#### RECORDED INFORMATION
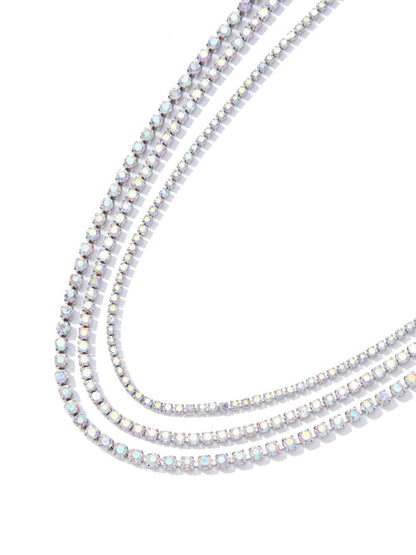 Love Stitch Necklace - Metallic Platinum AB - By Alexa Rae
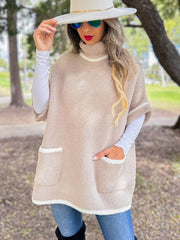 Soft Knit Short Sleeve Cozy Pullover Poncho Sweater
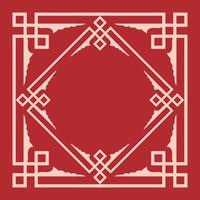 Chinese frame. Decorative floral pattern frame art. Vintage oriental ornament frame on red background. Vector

#### WHAT IS NEEDED
Output only the lines that run from the line containing "Soft Knit Short" to the last line of the data, exactly as they stand and without pictures.

#### WRITTEN ANSWER
 Soft Knit Short Sleeve Cozy Pullover Poncho Sweater
 Chinese frame. Decorative floral pattern frame art. Vintage oriental ornament frame on red background. Vector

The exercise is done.